July 19, 2012
 
Dr. Penny Gordon-Larsen

Dr. Penny Gordon-Larsen

New research published online in The Lancet suggests that developing countries have a less than 5 percent chance of meeting the UN’s Millennium Development Goal target for the reduction of child malnutrition by 2015. The article analyzes trends in the weight and height of more than 7.7 million children worldwide between 1985 and 2011 and is the first large-scale study to provide a detailed examination of trends in children’s weight and growth in all developing countries.

 
Penny Gordon-Larsen, PhD, associate professor of nutrition at UNC Gillings School of Global Public Health, responded to the paper with a “comment” article in The Lancet.
“[This study] emphasizes the vastly different circumstances faced by children in low-income and middle-income countries,” Gordon-Larsen wrote in her comment following the article. “Barring radical change, children in the lowest-income countries (especially in the sub-Saharan African and South Asian regions), will continue to bear the enormous social, economic, health and human capital costs of maternal and childhood under-nutrition into the foreseeable future.”
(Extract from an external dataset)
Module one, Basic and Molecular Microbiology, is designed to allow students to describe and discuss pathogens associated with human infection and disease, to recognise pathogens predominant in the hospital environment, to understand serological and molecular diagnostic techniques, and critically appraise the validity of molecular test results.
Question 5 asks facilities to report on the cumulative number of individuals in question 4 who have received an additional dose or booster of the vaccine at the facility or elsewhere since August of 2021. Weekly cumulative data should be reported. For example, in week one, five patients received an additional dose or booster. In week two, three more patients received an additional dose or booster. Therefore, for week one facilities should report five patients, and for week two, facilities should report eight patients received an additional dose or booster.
Majid Ezzati, PhD, senior author of the study, said the research showed that the developing world as a whole has made considerable progress towards reducing child malnutrition. “However, there are still far too many children who don’t receive sufficient nutritious foods or who lose nutrients due to repeated sickness,” he said. “Severe challenges lie ahead.”
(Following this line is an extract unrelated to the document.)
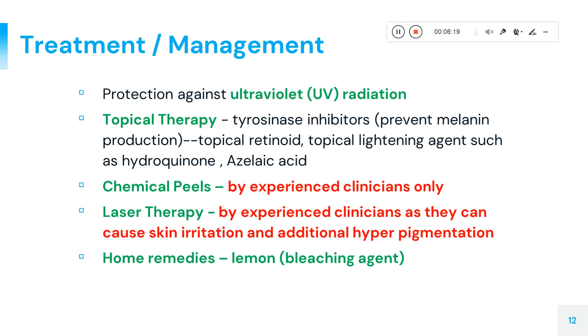For treatment, patients should stay away from UV radiation and sunlight, as it can worsen the condition. There are several topical therapies available, including retinoid creams and azelaic acid. Chemical peels can be quite effective but must be performed by experienced dermatologists. Laser therapies are also an option, though skin irritation can occur and may worsen pigmentation. Home remedies like lemon as a bleaching agent are not recommended; consulting a cosmetologist or dermatologist is preferred.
Ezzati is professor and chair of global environmental health at Imperial College London’s School of Public Health.
The proportion of children who are underweight is one of the indicators for the Millennium Development Goal to end poverty and hunger by 2015. The study uses data collected to estimate past and current levels of malnutrition in 141 countries and to examine how levels are likely to change if current trends continue.
The estimates suggest that more than 250 million children were mildly to severely underweight in 2011, with 17 countries, primarily in sub-Saharan Africa and Oceania, seemingly undergoing no improvement in the number of children who are underweight or restricted in growth. Although the outlook appears to be poor in these regions, the authors point out that the situation is considerably better in some regions, particularly in some parts of Asia and Latin America, with 61 of the 141 countries studied estimated to have a 50 percent to 100 percent chance of meeting the U.N. goals.
China has undergone the largest improvement in children’s height over the past 25 years, with Latin America and the Caribbean region also experiencing significant improvements in this area. The authors suggest that improvements seen in many of these countries are the result of overall improvements in the population’s nutrition, rather than of specific interventions targeting children at high risk.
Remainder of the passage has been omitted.